Maine’s summer tourism season gets a lot of attention, but recent winter tourism numbers show that travelers don’t sleep when the snow flies.
The state saw a 9.3% jump in the number of tourists last winter, as tallied from December 2023 through April 2024 by the Maine Office of Tourism in its season evaluation. The office estimates that just under 4.37 million visitors spent over $2 billion in the state during those months.

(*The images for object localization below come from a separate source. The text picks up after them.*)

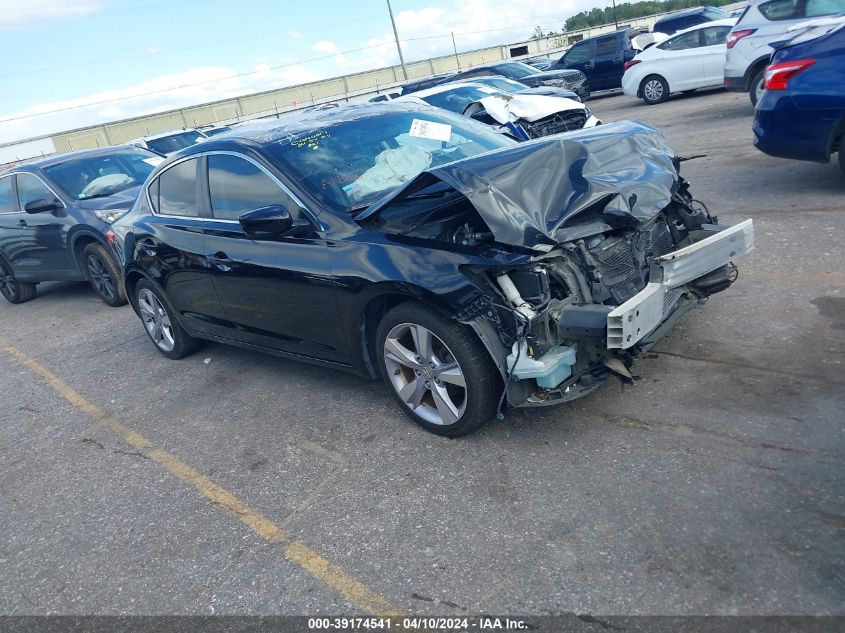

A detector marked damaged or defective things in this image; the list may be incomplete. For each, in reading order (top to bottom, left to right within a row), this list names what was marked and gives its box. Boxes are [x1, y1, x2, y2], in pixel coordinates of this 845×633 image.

crumpled hood [474, 94, 588, 124]
crumpled hood [77, 185, 142, 210]
crumpled hood [362, 119, 680, 251]
black damaged sedan [110, 102, 752, 434]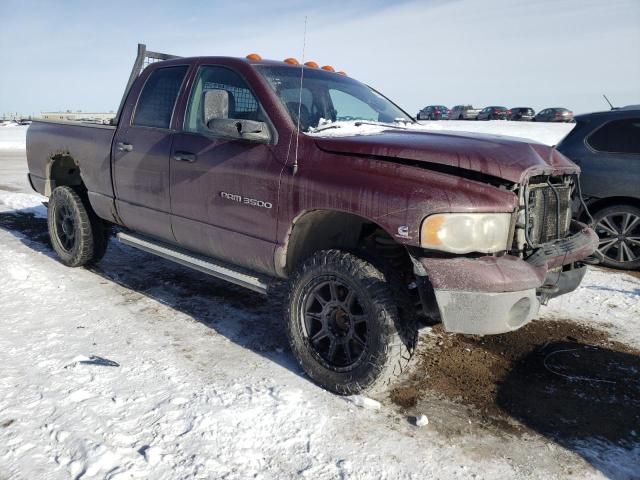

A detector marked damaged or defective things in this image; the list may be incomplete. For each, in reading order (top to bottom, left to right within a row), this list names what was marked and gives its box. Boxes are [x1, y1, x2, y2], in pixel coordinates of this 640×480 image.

cracked front bumper [412, 220, 596, 334]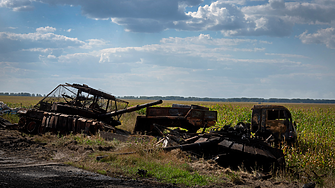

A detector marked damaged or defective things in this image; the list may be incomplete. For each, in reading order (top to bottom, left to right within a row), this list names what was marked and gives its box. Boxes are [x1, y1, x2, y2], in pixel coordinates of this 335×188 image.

burned combine harvester [17, 83, 162, 134]
rusted combine harvester [17, 83, 162, 134]
burnt-out vehicle [17, 83, 162, 134]
charred metal wreckage [1, 83, 296, 170]
rusted combine harvester [134, 103, 218, 134]
burned combine harvester [134, 103, 296, 170]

About one-fifth of the tourists were from other parts of Maine.
The increases come on top of notable gains during the 2023 winter season, when the office says Maine drew 15% more visitors than during the same period in 2022.
Roughly half of those travelers, the report finds, came for the state’s “active outdoor activities,” such as hiking, skiing, snowboarding, snowmobiling or snowshoeing, or for “water activities” like fishing.

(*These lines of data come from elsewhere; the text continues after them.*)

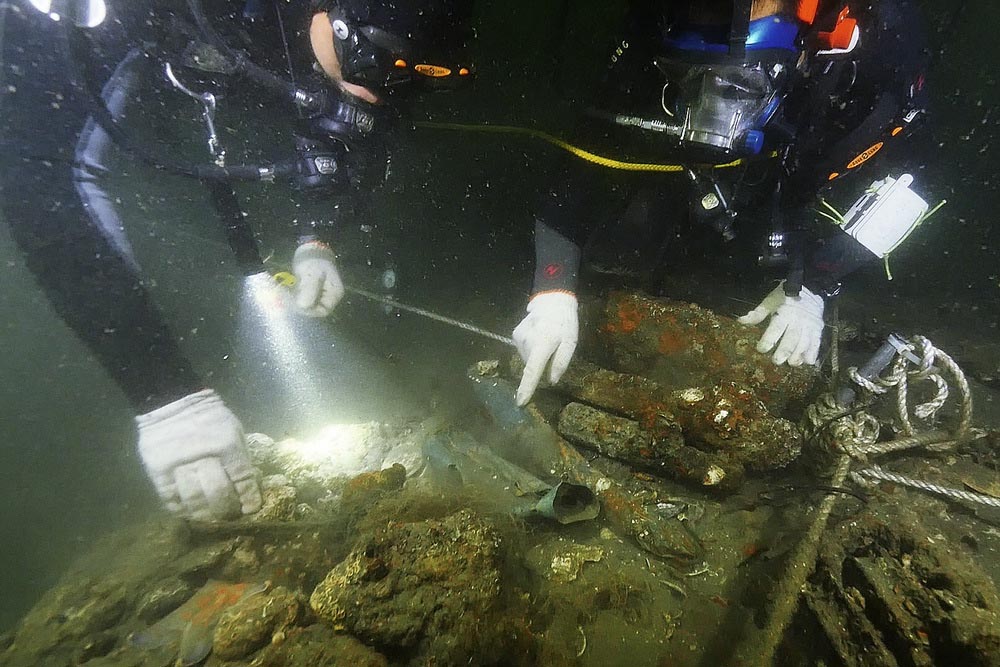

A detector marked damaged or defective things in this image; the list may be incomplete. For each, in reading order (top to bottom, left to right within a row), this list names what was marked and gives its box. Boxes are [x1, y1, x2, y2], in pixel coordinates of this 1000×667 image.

rusted metal object [596, 290, 816, 414]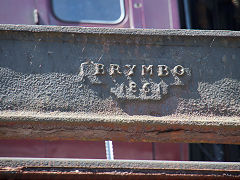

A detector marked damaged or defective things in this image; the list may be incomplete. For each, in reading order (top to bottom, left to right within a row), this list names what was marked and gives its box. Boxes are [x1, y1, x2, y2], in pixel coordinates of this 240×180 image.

corroded surface [0, 24, 240, 142]
corroded surface [0, 158, 240, 179]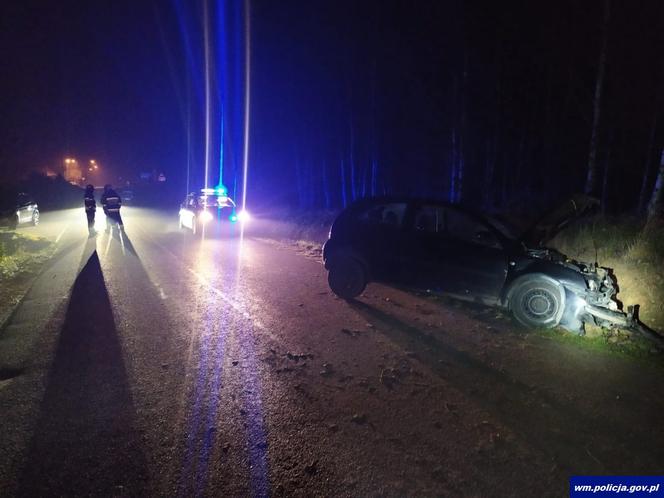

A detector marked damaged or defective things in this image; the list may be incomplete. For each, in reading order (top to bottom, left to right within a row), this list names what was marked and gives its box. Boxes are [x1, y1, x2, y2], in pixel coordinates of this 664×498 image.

damaged dark car [322, 194, 644, 334]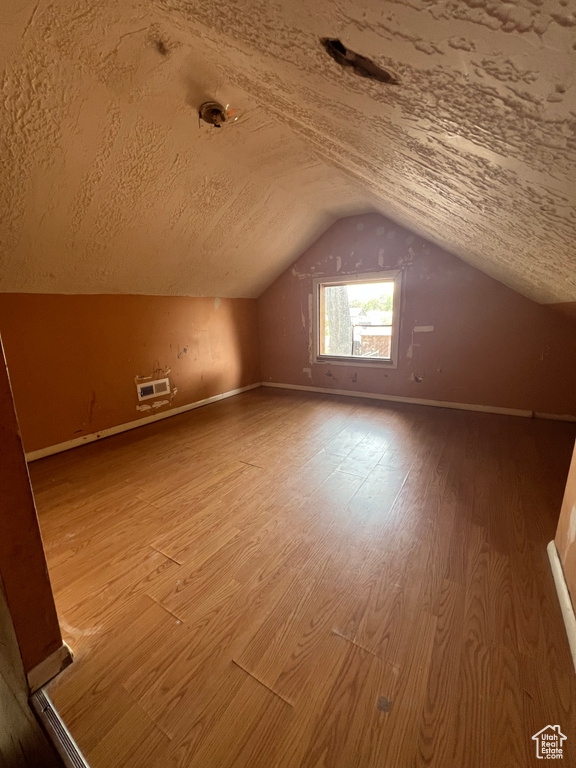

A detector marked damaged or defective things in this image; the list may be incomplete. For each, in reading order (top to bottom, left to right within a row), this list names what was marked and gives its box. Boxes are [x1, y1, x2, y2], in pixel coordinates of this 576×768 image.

wall with peeling paint [0, 292, 258, 450]
wall with peeling paint [258, 213, 576, 416]
wall with peeling paint [556, 444, 576, 612]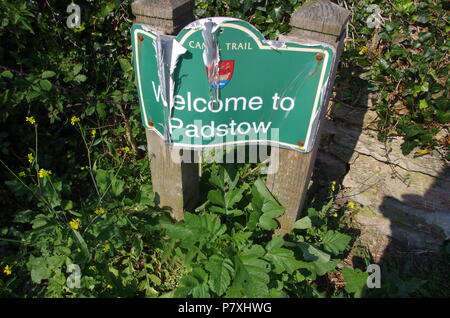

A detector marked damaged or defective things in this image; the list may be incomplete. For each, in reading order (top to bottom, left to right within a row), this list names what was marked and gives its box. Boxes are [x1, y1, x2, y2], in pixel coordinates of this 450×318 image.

torn metal sign surface [130, 17, 334, 153]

“What you see in Maine is that winter sports are incredibly important,” says Carolann Ouellette, the tourism office’s director of tourism, film, and outdoor recreation. “They’re a big element of the Maine winter experience and the state’s economy.”
However, winters are warming up due to climate change, and that could make it difficult for visitors to enjoy activities that rely on snow and ice.

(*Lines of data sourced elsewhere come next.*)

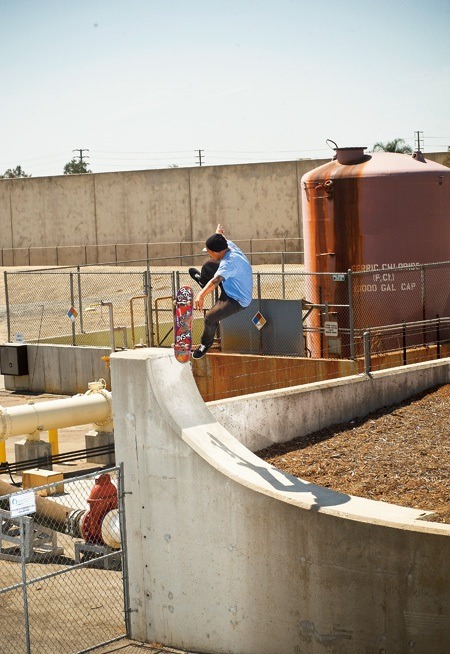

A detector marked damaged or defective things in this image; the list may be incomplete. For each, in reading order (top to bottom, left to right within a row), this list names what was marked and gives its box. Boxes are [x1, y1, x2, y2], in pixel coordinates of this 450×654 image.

rusty storage tank [300, 149, 450, 358]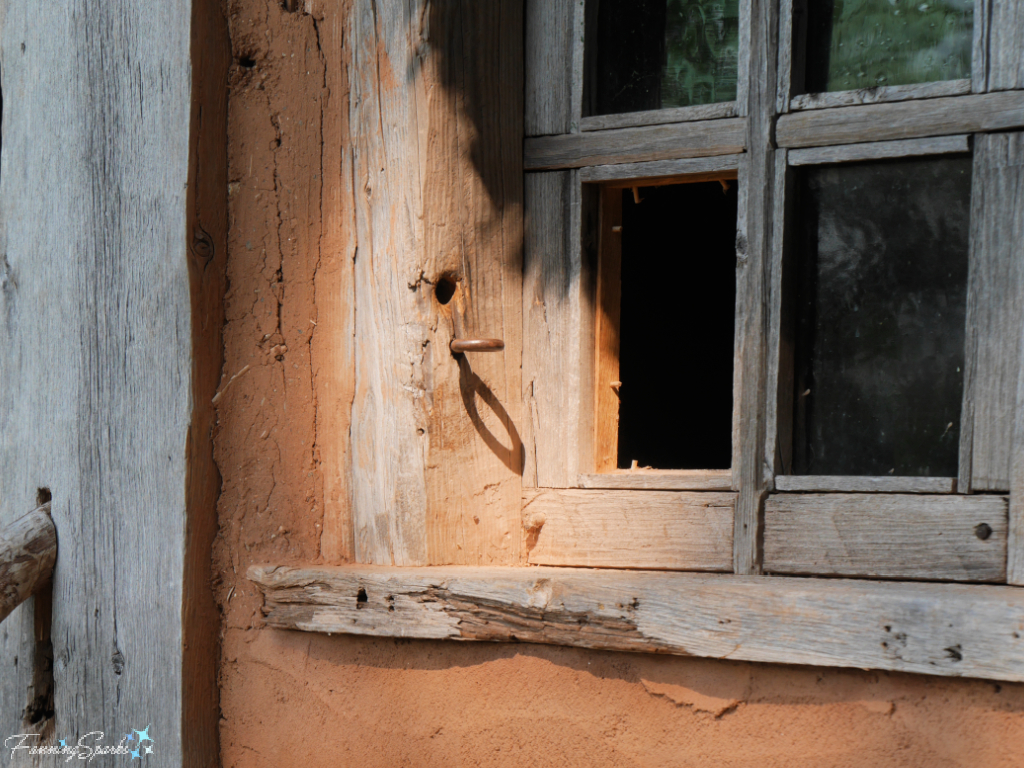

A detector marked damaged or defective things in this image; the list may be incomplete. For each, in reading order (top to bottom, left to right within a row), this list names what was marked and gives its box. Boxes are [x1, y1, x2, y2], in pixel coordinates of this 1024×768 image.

broken window pane [581, 0, 741, 116]
broken window pane [802, 0, 970, 93]
broken window pane [794, 156, 970, 479]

“The past four years in Maine have been among the warmest … definitely, cause for some alarm,” says Katie Giannakopoulos, a meteorology expert and the coastal dynamics research associate at the Gulf of Maine Research Institute.
“Winter specifically is, in the Northeast, the fastest-warming season, and so winters now are about two weeks shorter in comparison to the last century.”
Some outdoor recreation companies say they’re experiencing even shorter winter seasons than that.
Russell Walters, the president of Northern Outdoors, says his four-season resort in the Forks plantation in Somerset County has seen shorter winters and “perhaps less consistent conditions,” although the number of visitors in a seven- or eight-week season has been about the same as when the season was close to 12 weeks.
“In and of itself, that’s pretty challenging … because now you’re trying to do as much as you once did with all those guests that came over 12 weeks in seven weeks, which puts incredible pressure on staffing, on your availability of lodging, and on the trails themselves,” says Walters. “It’s definitely a concern.”
At Saddleback Mountain in Rangeley, P.J. McSparran notes how the ski resort’s business over the Thanksgiving holiday weekend hasn’t been bankable for years. The director of sales and marketing remembers “when [he] first got into this in the mid-to-late 1990s, lots of ski areas were able to open by the end of November.”
Saddleback, he says, opens some trails in the last week of that month, and has hit a target opening date of the first weekend in December for the past four years. But McSparran points out that the resort also will typically “rely on snow-making technology to get us going in the early season” and to open enough trails for visitors with varying terrain preference.
When the Fort Kent Outdoor Center hosted the U.S. Biathlon Championships this past March, it was the first time the center had to make snow at that time of year, explains Carl Theriault, a member of the center’s board of directors.
While he says he’s reassured that Fort Kent still generally sees strong snowpack conditions, he worries about how the experience further south might affect visitors.
“The impact of people in southern New England and Maine gets felt by us as well, because if people don’t see snow in their backyard, all of a sudden they stop skiing, and they stop traveling,” said Theriault. That in turn, he worries, could limit who grows up loving snow-dependent activities.